Limpeza Ética por Decreto — por Mr. Fish (clowncrack.com)

Historicamente, os fascistas são surpreendentemente francos sobre o mundo que pretendem criar. Aqueles que eles visam, apesar desta transparência, são surpreendentemente obtusos sobre o que está para vir.

O aviso mais ameaçador até agora dos nossos fascistas locais é o último  memorando presidencial , "Combater o terrorismo doméstico e a violência política organizada". Acusa qualquer crítico da aplicação da lei, do Serviço de Imigração e Alfândega (ICE), do império americano, do capitalismo, da direita cristã, da perseguição de imigrantes e daqueles que denunciam a discriminação com base na raça e no género, bem como aqueles que questionam o patriarcado branco e masculino, descrito como "visões americanas tradicionais sobre a família, a religião e a moralidade", de fomentar a "revolução violenta".

É uma declaração de guerra à chamada "esquerda radical", aqueles que a administração Trump culpa por "assassinatos hediondos e outros atos de violência política", desde o assassinato do comentador de direita Charlie Kirk até "o assassinato de um executivo sénior da área da saúde em 2024 e a tentativa de assassinato em 2022 contra o juiz do Supremo Tribunal Brett Kavanaugh". O memorando continua a enumerar as duas tentativas de assassinato contra Trump.

O memorando, típico das narrativas egoístas favorecidas por Trump, ignora o assassinato por um nacionalista cristão da legisladora estadual democrata do Minnesota, Melissa Hortman, e do seu marido, e a tentativa de assassinato do senador estadual John Hoffman e da sua mulher.

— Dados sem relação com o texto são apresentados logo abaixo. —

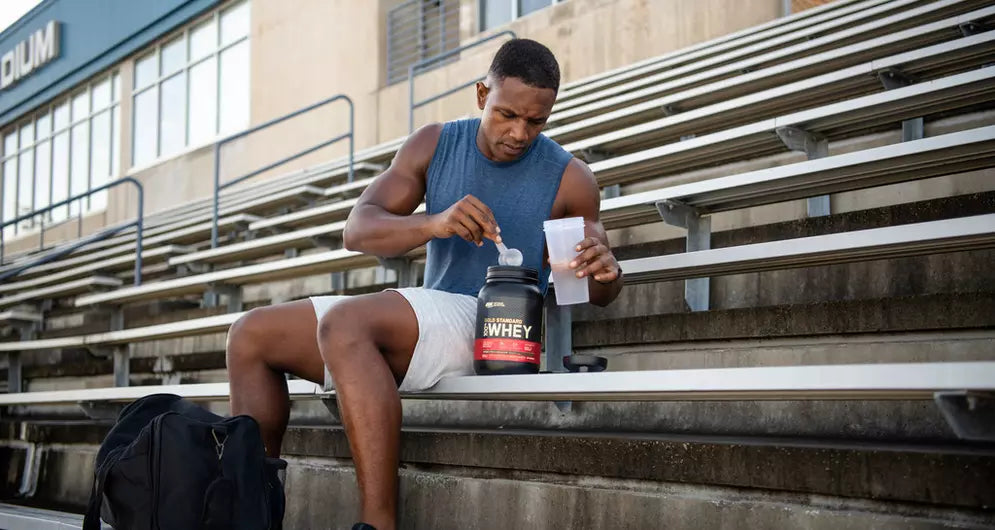 Man bereitet Whey-Proteinshake auf Stadiontribüne vor, mit Becher und Löffel in der Hand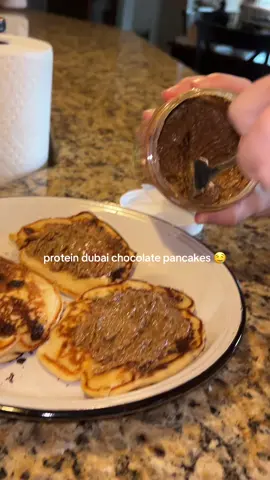 A post by @lil_celery on TikTok caption: wayyyyy too good 🤤 Full recipe for pancakes✨🥞 - 1 cup elevate protein flour (linked in showcase) - 1 cup stevia  - 2 eggs  - 1 tbsp vanilla extract  - 1/4 cup sugar free syrup - 1/2 cup low fat greek yogurt  - 3 tbsp sugar free chocolate chips  #dubaichocolate #proteinpancakes #breakfast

Estes “antifascistas”, alerta de forma ameaçadora o memorando da Casa Branca, “criaram um movimento que abraça e eleva a violência para alcançar resultados políticos, incluindo a justificação de assassinatos adicionais”.

A definição de inimigos do Estado contida no memorando é, por natureza, amorfa, baseada na ficção de organizações-fantasma empenhadas em assassinatos e sedições. As acusações são absurdas. Não se baseiam em provas ou factos verificáveis. Mas, como em todos os regimes totalitários, a verdade é aquilo que os que estão no poder declaram ser. Esta "verdade" justifica a cruzada.

O memorando inverte descaradamente o Estado de Direito. Transforma a lei num instrumento de injustiça. Utiliza o decoro de agências federais, tribunais e julgamentos para legalizar crimes estaduais. Baseia-se no pensamento mágico, em teorias da conspiração bizarras e numa paranóia que vê os atos mais tépidos de dissidência ou crítica como traição.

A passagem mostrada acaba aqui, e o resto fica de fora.